I had heard before that prize bond draws were manipulated, but there
was no way of proving this. But in the Rs. 15000 prize bond draw (no.
45) held in Peshawar on 3rd January 2011, there is circumstantial
evidence that this is indeed true.
In that draw, three consecutive numbers (018845, 018846 & 018847) won
prizes. The first prize (Rs. 3 crore) went to number 018847, the
second prize (Rs. 1 crore) went to 018846 (along with two other
numbers), while 018845 was one of the numbers winning the third prize
of Rs. 185,000.
According to the law of probability, the chance of a particular number
being drawn at random from 1,700 numbers is one in 1,700. (A total of
1,700 prizes is awarded in each draw). For two particular numbers
being drawn from the same lot of 1,700, the probability is one in
2,890,000. But for three particular numbers to be drawn, the
probability rises to one in 4,913,000,000. Put in simpler terms, what
happened is a miracle. For this to have happened, 4.913 billion draws
would have to be held. In short, it could have happened only once in
1.28 billion years (since there are four draws of Rs. 15,000 bonds
held every year).
Now you don’t have to be a certified moron to guess what happened.
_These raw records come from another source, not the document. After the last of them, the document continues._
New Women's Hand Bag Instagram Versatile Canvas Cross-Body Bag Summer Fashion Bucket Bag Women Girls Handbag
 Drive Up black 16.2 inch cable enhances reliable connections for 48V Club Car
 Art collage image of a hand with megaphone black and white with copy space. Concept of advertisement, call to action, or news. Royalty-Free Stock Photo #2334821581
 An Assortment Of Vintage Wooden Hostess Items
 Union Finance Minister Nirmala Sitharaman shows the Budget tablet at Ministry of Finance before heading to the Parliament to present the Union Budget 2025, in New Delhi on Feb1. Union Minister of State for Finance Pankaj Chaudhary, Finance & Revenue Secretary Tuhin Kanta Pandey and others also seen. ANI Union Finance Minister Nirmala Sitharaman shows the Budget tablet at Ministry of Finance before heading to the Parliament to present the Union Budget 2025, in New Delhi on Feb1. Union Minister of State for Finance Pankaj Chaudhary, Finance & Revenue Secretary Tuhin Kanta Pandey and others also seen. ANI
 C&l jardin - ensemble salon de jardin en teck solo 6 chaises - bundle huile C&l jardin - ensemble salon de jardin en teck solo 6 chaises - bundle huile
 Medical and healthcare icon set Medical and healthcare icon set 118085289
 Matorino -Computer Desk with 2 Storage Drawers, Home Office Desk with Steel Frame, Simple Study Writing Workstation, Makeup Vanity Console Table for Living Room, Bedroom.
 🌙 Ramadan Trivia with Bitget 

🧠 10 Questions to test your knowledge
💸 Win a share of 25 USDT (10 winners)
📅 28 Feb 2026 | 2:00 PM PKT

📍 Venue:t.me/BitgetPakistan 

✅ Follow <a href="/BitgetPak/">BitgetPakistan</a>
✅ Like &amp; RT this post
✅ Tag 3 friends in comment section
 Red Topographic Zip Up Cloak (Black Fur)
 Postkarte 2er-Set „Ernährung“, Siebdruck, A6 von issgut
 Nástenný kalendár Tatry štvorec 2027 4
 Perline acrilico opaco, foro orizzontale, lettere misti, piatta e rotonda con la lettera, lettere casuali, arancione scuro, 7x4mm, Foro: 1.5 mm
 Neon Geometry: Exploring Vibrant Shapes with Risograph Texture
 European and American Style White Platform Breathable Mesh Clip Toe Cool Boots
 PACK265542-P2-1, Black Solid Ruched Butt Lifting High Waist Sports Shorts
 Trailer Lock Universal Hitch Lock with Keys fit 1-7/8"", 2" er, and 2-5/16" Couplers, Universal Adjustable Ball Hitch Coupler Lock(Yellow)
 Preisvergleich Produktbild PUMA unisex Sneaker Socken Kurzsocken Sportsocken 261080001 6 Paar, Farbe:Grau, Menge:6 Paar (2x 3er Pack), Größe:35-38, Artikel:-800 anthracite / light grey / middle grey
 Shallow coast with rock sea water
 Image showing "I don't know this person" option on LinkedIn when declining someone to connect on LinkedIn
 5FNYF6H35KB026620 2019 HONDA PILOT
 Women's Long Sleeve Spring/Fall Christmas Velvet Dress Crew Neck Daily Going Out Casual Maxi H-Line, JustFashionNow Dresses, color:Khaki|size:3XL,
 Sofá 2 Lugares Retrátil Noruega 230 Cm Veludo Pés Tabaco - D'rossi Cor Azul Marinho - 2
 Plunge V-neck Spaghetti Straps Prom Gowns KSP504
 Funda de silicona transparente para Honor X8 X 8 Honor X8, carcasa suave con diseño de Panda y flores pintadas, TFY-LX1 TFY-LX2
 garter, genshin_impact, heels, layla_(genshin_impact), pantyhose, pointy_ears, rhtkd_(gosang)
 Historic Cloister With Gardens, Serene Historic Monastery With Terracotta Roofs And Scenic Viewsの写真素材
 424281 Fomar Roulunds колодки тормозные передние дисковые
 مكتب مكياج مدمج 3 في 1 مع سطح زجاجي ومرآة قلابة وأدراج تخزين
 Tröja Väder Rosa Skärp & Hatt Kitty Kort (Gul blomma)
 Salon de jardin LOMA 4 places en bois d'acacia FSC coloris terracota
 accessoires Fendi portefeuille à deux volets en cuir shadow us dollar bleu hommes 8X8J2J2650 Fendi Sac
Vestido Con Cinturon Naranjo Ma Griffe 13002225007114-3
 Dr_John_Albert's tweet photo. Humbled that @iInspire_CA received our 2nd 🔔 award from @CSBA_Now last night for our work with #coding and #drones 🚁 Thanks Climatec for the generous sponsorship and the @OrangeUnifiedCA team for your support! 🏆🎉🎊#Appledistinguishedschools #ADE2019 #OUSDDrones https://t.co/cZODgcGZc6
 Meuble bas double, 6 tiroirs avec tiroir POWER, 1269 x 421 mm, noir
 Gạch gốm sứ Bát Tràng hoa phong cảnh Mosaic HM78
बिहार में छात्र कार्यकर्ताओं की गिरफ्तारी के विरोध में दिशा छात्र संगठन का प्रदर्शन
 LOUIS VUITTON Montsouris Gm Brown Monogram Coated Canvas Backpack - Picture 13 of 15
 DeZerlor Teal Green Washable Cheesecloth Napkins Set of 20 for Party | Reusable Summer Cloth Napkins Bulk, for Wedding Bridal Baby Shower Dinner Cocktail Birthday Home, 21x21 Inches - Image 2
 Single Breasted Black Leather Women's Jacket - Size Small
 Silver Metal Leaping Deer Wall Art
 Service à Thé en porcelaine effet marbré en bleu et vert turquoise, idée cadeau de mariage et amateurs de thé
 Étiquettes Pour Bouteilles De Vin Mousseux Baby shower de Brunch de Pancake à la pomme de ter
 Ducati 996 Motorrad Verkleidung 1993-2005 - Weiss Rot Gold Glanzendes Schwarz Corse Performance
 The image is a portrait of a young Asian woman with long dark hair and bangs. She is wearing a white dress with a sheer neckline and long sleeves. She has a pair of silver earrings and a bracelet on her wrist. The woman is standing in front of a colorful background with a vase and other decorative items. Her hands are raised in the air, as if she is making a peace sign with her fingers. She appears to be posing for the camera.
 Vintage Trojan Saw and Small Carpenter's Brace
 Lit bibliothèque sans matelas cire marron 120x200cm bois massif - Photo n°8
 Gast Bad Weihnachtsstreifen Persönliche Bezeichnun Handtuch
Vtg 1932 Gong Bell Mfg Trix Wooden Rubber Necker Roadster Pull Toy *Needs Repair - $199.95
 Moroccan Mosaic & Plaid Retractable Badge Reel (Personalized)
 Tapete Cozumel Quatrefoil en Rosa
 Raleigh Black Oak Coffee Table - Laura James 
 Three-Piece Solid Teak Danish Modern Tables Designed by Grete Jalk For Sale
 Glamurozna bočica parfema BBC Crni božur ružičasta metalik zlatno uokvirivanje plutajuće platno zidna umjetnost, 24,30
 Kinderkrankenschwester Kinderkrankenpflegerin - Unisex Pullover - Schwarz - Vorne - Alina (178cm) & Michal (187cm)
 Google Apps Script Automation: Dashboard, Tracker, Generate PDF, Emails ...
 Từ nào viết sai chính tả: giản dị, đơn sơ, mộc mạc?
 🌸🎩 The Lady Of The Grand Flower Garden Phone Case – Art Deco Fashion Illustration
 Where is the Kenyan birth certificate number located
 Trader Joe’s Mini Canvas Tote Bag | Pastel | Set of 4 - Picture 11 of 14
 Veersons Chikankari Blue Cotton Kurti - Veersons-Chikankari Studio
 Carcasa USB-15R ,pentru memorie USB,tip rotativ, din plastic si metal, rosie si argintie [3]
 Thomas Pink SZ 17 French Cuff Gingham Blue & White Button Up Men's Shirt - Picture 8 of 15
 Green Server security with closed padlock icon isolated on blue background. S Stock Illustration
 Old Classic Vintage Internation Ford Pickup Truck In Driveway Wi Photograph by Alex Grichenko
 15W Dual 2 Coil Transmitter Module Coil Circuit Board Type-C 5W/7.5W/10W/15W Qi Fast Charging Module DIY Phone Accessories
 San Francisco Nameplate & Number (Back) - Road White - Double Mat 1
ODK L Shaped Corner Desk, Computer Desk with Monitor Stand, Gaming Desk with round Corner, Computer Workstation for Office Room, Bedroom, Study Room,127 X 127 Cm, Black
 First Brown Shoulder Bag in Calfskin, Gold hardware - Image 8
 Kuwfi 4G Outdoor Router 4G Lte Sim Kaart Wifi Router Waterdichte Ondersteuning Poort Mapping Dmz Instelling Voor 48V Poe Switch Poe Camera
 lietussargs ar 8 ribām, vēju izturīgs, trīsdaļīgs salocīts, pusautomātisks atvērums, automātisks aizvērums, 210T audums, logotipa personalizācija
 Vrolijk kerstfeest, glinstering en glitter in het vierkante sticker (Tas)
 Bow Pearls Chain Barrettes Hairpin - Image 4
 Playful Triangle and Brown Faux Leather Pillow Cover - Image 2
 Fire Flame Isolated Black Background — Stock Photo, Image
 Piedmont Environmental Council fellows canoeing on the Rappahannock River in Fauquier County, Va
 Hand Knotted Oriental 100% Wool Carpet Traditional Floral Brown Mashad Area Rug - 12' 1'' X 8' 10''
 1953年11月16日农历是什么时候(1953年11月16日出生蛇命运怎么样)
Someone who owned each of the three prize bonds paid the computer
operator to ensure that the three numbers would be drawn. In that
case, he earned Rs. 40,185,000 (part of which went to the computer
operator). But there is another frightening possibility. There are
eight series in the Rs. 15,000 prize bond category (each containing
the winning numbers). What if only one person had all the 24 bonds in
existence bearing the three numbers? He would then be richer by Rs.
321,480,000 (over Rs. 32 crores).
In this case, one cannot deny the
possibility of government functionaries being involved. And if you
consider that there are prize bond draws of other denominations held
many times every year, there must be many such scams taking place.